I’ve started coming up with game ideas for my role-playing group.  The following conversation is adapted from the notes I write as I think through the possibilities.  Annotations are in italics.  Jon, Brian, Doug—warning, spoilers ahead!  Everyone else--geek alert!

 

Jeb: I want a new campaign for my group.  What would be cool to run?

Ordinarily, I would involve my players in this discussion, so that it would be something they would find cool to play—but I can’t fit everyone into a blarg post.

 

Self: How about a campaign set all in one town or city?  Players can be from upper crust, working class, street, whatever.

The spark of this campaign is the idea of keeping it in a single city.  It seems contained, and players can learn a lot more about it as a setting since they’ll be spending lots of time there.

 

Jeb: Ok, what kind of city?  Fantasy, sci-fi, modern? 

Already I’m narrowing things down.  The temptation is to make a campaign contain everything ever.  That’s too much.  Restrict the scope at first and expand it later, once the game is established.

 

Self: I like fantasy, I think.  It’s easier to restrict players to one location if they don’t have starships, cars, etc.

 

Jeb: Well, how will I restrict them to the city?  What keeps them from leaving?

As a GM, I could just say to the players, ‘Don’t leave the city’.  But that’s kind of a bummer.  Instead I’m setting up their characters to think of the city as the entirety of the world.  Maybe later they’ll leave it—but then it will be a monumental decision, like sailing off the edge of the world.

 

Self: What if the city is on an island?  What if the city IS an island, every bit of the land mass covered by the city?  The only way off is by boat or swimming.

 

Jeb: I like that.  I also have an image of the city sinking beneath the waves, like Atlantis.  In fact, suppose the city is SUBMERSIBLE!  That informs all sorts of things about the city itself—construction, architecture, religion, roles of the citizens…

 

Self: Whoa, whoa, hold up.  What if the submersible city—whose cliffs are constructed of steel and whose towers are shaped so that water can flow around them, and whose gardens can be covered by domes and stuff—what if the populace has been slowly dying off, and they have FORGOTTEN THAT THE CITY SINKS?  There’s all these vents in the streets, see, where water can come into ballast tanks, but nobody remembers what they’re for.  They just go about their daily business, never suspecting that someday the city is gonna sink!

Boom!  A huge idea crashed into the mix.  I love extrapolating from sudden inspirations like this.  Every little detail spawns ten more cool things to investigate, describe, or encounter.  Don’t be afraid of big ideas like this; they are all possible in a game!  Notice also that Jeb and Self are both coming up with ideas.  Sometimes it’s hard to tell them apart.

 

Jeb: Hang on.  Would the players be residents in the city?  Or would they be visitors to the island, slowly discovering that the place is a giant submarine?

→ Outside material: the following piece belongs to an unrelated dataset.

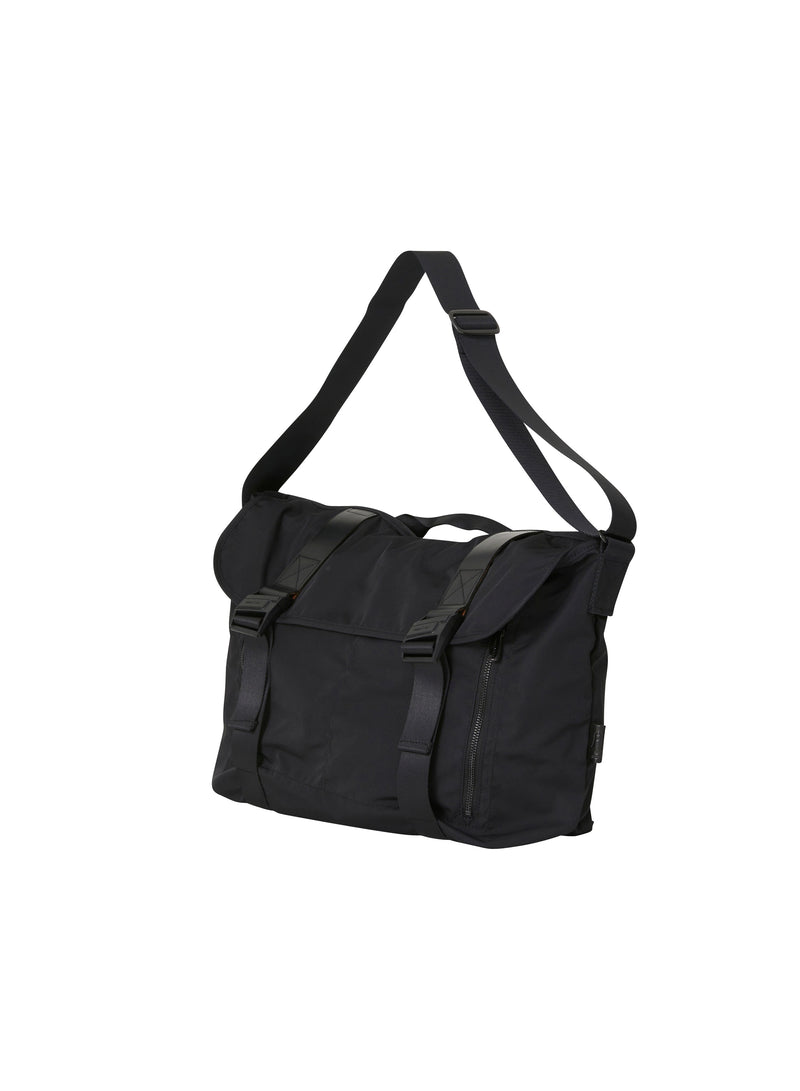 AMIACALVA F036 GABARDINE MESSENGER BAG BLACK – hideandseekStore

Notice that now I’m questioning one of the initial assumptions about the whole idea.  That’s OK at this stage.  Look at all angles and find the story that will be more interesting to your players.  Would they rather be outsiders investigating this weird place, or would they prefer to role-play the citizens, trying to live out their lives on a doomed city?

 

Self: Good question.  Could be either, I guess.  Ooh!

 

Jeb: What?

And now comes some outright thievery. 

 

Self: Remember that Conan story, “Red Nails”?  That we read, like, a hundred times?  About a lost city in the jungle where the people formed two tribes and have been killing each other off for hundreds of years?

 

Jeb: No, tell me about it.

Things we have read, movies we have seen, places we have been—all of these inform our imaginations.  Let it happen. Plunder your memory for awesome images, plot twists, characters, and settings. Chances are, if you disguise it enough, no one will recognize your source material.  I have used the story “Red Nails” as an adventure setting a dozen times in the past because I find it really cool.  I don’t try to make the players conform to the storyline, mind you; I set up the situation and let them deal with it their own way.  Conan was just a jumping-off point for me, and I jumped with pantherish grace.

 

Self: Wise-ass.  Suppose that’s happening here.  The people in this floating city worship a god who provides for them—and the god actually is a magical being who lives in the belly of the city, powering everything.  The citizens have to give sacrifices to the god to keep things working.  What they don’t know is that there is another race of people below the surface, working on the machinery, seeing to the needs of the god, and consuming the sacrifices given by the surface dwellers.  But now the society is breaking down, so the people under the surface—the Engineers—have started coming to the surface looking for sacrifices.  They are twisted and mutated from their time below decks.  The surface dwellers think they are monsters, and fight back, so now the city is falling apart and the god is dying, and the city is going to sink if something isn’t done.

 

Jeb: Enter the players!  Awesome!

 

Obviously, there’s a ton of work to be done here to make this into a workable campaign setting, but my process will follow the same lines.  In upcoming entries, I’ll ask questions like “What happens when the city submerges?” and “Do any of the natives know what’s going on?” and answer them in ways I find interesting.  I’ll draw maps—rough ones are often good enough, but maybe I’ll come up with a few specific locations I can use. And at some point, I’ll introduce the players into the mix, get their perspective, and maybe change things to make it more appealing to them.  In fact, maybe I’ll mention it at my game group this week…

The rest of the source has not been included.